- [Task to complete]
In your copy, drop the images and return each record exactly as it stands.

- [Given records]
┌──

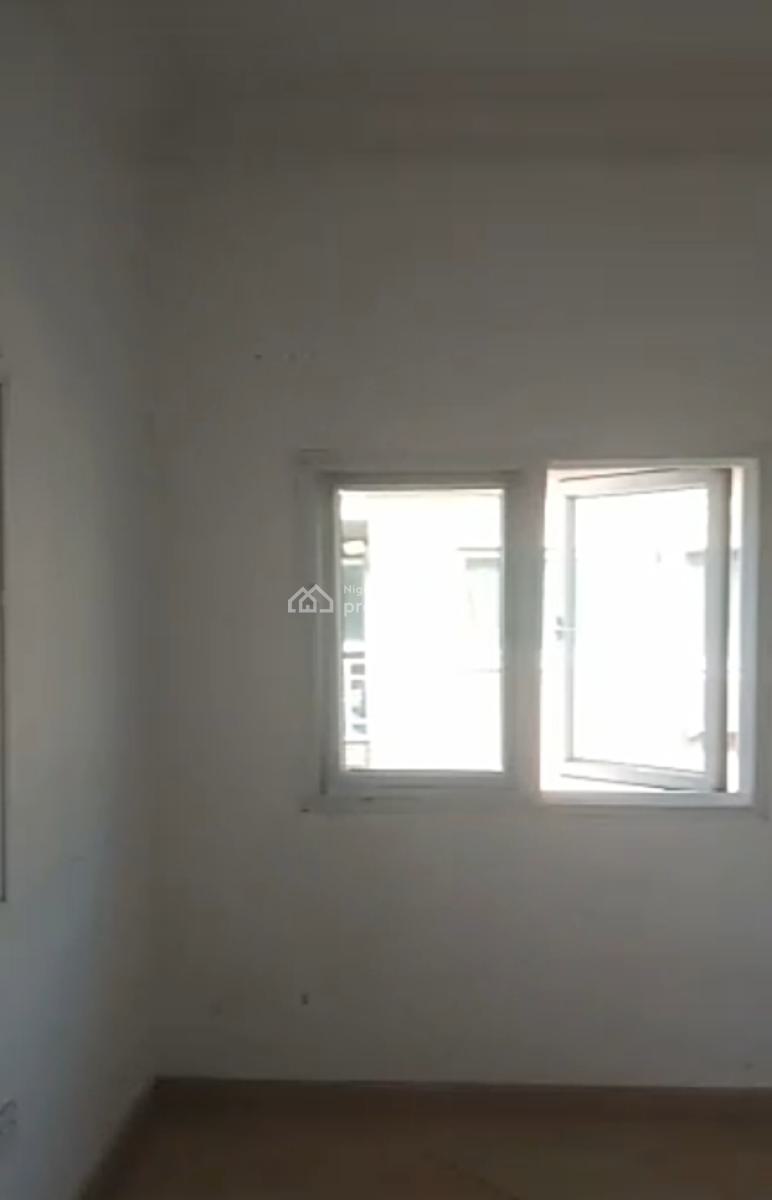 Spacious and Neat 2 Bedroom Flat Upstairs with Plenty Air, Around Vgc, Ikota, Lekki, Lagos, Flat / Apartment for Rent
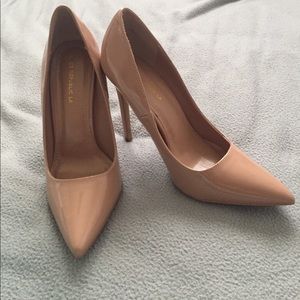 Agac'i Nude Pointy Pumps - Size 9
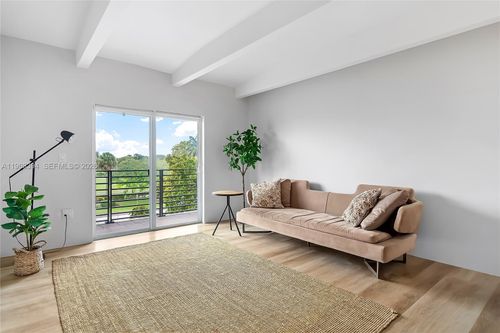 apt-302-1840 Jefferson Ave, Miami Beach, FL, 33139-2460 | Card Image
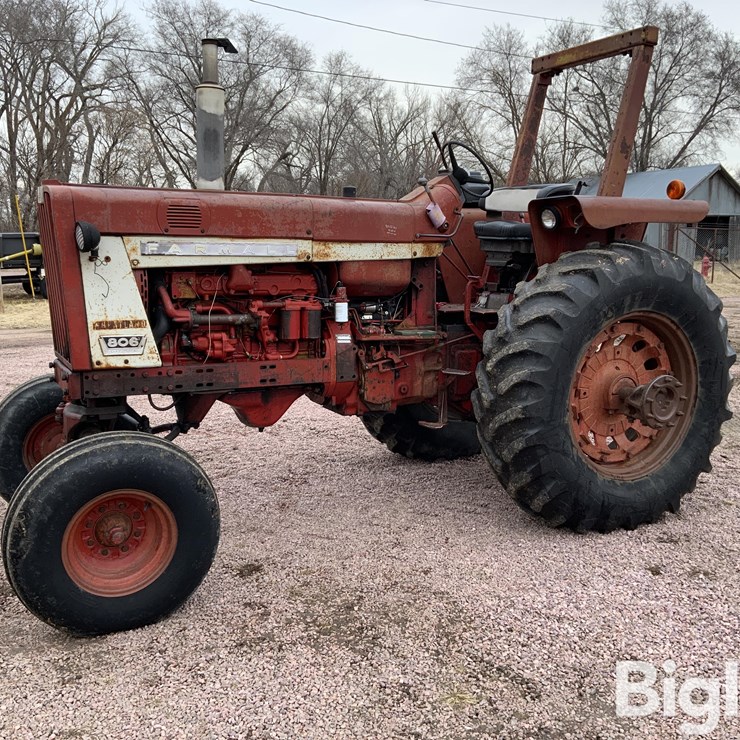1967 Farmall 806 Diesel 2WD Tractor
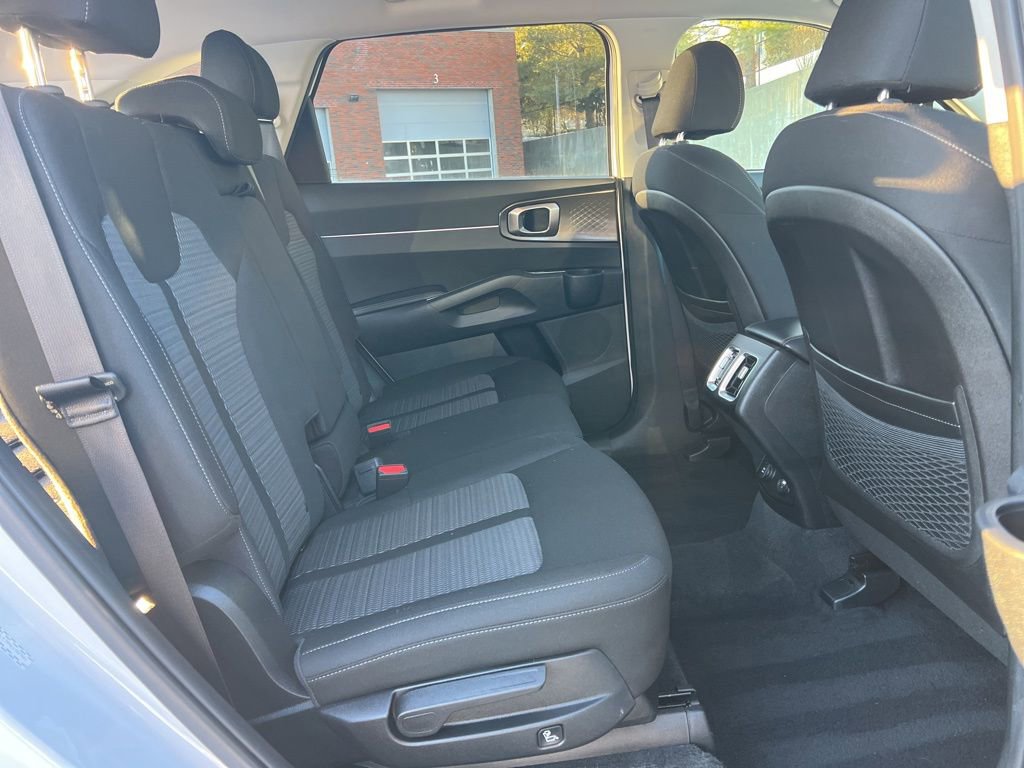 Used 2023 Kia Sorento LX image 23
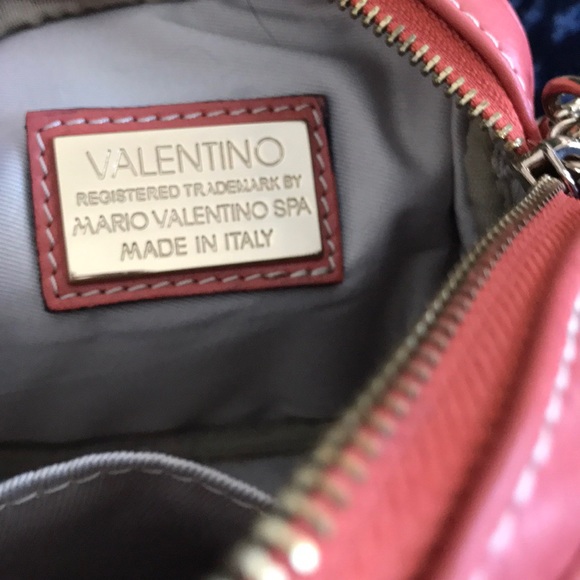 Valentino crossbody bag๐ผ๐ป๐ธ - Picture 3 of 5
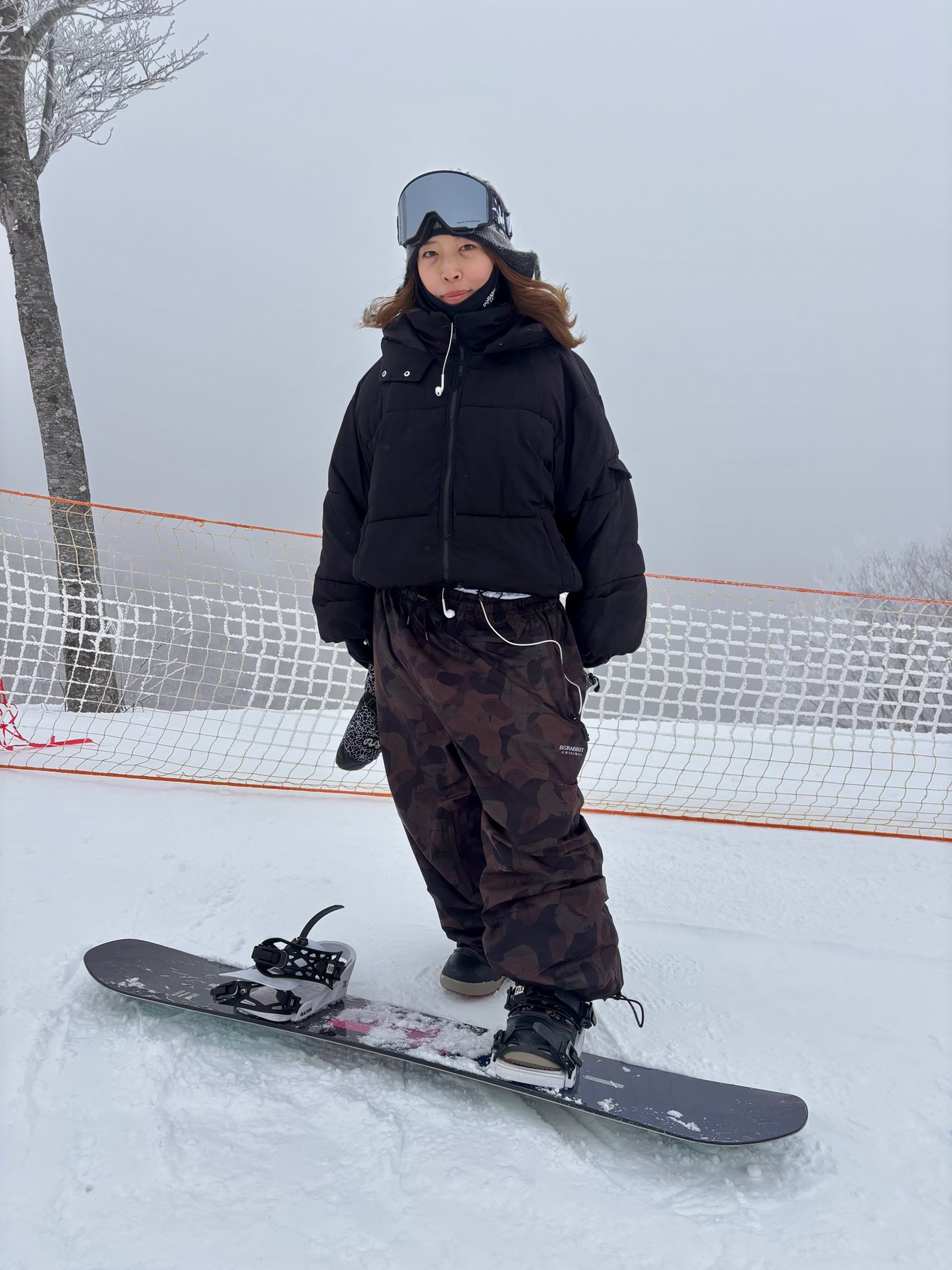 ゲレンデでのスノーウェアスナップ画像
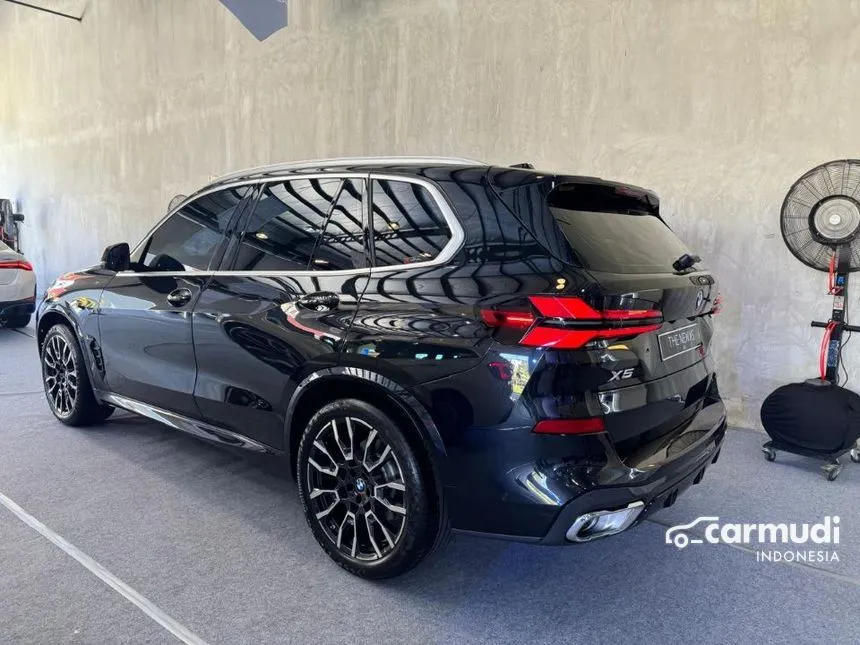 2025 BMW X5 xDrive40i M Sport SUV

└──

- [Your solution]
 Spacious and Neat 2 Bedroom Flat Upstairs with Plenty Air, Around Vgc, Ikota, Lekki, Lagos, Flat / Apartment for Rent
 Agac'i Nude Pointy Pumps - Size 9
 apt-302-1840 Jefferson Ave, Miami Beach, FL, 33139-2460 | Card Image
1967 Farmall 806 Diesel 2WD Tractor
 Used 2023 Kia Sorento LX image 23
 Valentino crossbody bag๐ผ๐ป๐ธ - Picture 3 of 5
 ゲレンデでのスノーウェアスナップ画像
 2025 BMW X5 xDrive40i M Sport SUV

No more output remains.